The baseball team won the Group I state championship in 1980, defeating Monroe Township High School by a score of 6-0 in the final game of the tournament.

The girls volleyball team won the Group II state championship in 1983 (defeating Tenafly High School in the tournament's final match), 1984 (vs. Fort Lee High School), 1985 (vs. Hawthorne High School) and 1986 (vs. Hawthorne), won the Group I title in 1988 (vs. Emerson Junior-Senior High School), 1989 (vs. Wood-Ridge High School), 1991 (vs. Wallington High School), 1992 (vs. Eastern Christian High School), 1993 (vs. Bogota High School), 1995 (vs. Wallington), 1996 (vs. Emerson), 1997 (vs. Boogota), 1998 (vs. Bogota), 1999 (vs. Cresskill High School), 2000 (vs. Bogota), 2001 (vs. Cresskill), 2005 (vs. Bogota), 2006 (vs. Midland Park High School) and 2014 (vs. Bogota). The program's 19 state group titles are the most in the state. The 1983 team won the program's first state title, defeating Park Ridge in two games (15-8 and 15-12) in the finals of the Group II tournament. After losing in the first game and trailing in the third, the 1984 came back to win the Group II state title against Fort Lee in three games (14-16. 15-2, 15-11). The 1985 team won their third straight Group II title with a 15-9, 15-9 win against Hawthorne in the finals to finish the season at 22-0. In an upset of the number-one seed, the 1986 team finished with a 19-3 record after defeating Hawthorne in two games (15-6 and 15-11). The team won the 2000 Group I state championship over Bogota High School, dropping the first set by a score of 10-15 and then winning the final 15-13 and 15–9. The 2001 team repeated with a win over Cresskill High School in the tournament final. The team took the title in 2005 with a 25–20, 25-18 straight set win over Bogota High School. The 2006 team repeated as Group I champion with a 25–13, 25–12 win in the finals against Midland Park. In 2014, the team beat Bogota 25-22 and 25-15 in the Group I title match to win the program's 19th state championship.
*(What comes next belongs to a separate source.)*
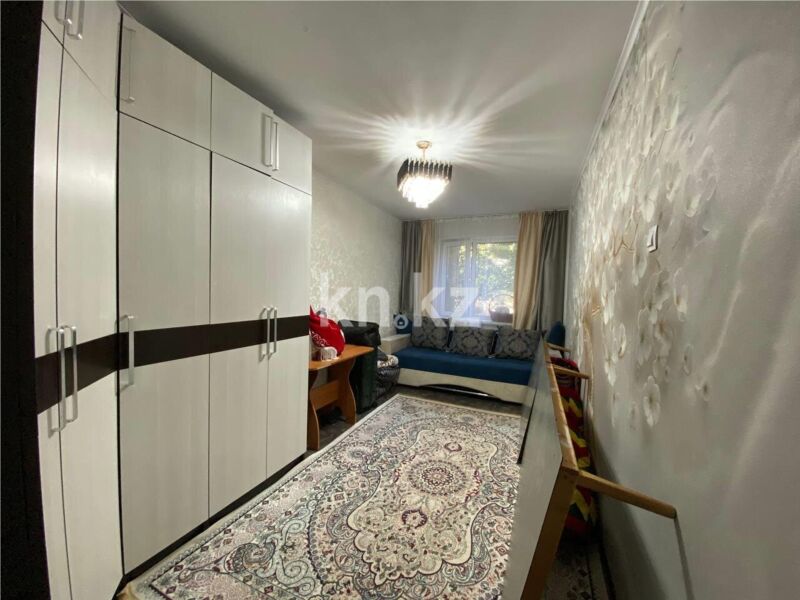 Продажа 2-комнатной квартиры, 44 м² - Продажа квартир в панельном доме в Казахстане - страница 14 фото 3 из 14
The 2013 softball team won the North II Group I sectional championship, the program's first, defeating defending state champion Whippany Park High School by a score of 1–0.
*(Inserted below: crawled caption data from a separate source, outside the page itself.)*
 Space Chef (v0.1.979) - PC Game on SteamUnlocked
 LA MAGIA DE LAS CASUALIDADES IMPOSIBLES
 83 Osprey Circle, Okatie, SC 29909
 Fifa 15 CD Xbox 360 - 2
The 2019 softball team won the Hudson County Tournament after defeating Bayonne High School by a score of 5–4 in the tournament final.
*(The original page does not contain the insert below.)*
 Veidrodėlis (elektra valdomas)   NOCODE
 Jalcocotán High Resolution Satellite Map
In 2023, the girls volleyball team won the Hudson County title.

In 2024, the girls volleyball team won the Hudson County title once again, as well as winning North I Group II finals. They also became the first girls volleyball program to win over 1,000 games in the state of New Jersey.

==Notable alumni==
- Jeff Bittiger (born 1962, class of 1980), former pitcher who played four MLB seasons for the Philadelphia Phillies, Minnesota Twins and Chicago White Sox.
- Mark Lukasiewicz (born 1973, class of 1991), former MLB pitcher who played two seasons for the Anaheim Angels.
- Seven Volpone (born 1972), entrepreneur, business executive, singer, songwriter and record producer.

==Notable faculty==
- Anthony Impreveduto (1948-2009), a teacher who was the chairman of the school's business department as well as a member of the New Jersey General Assembly from 1987 to 2004.

==Administration==
The school's principal is Steve Viggiani. Core members of his administration include the assistant principal.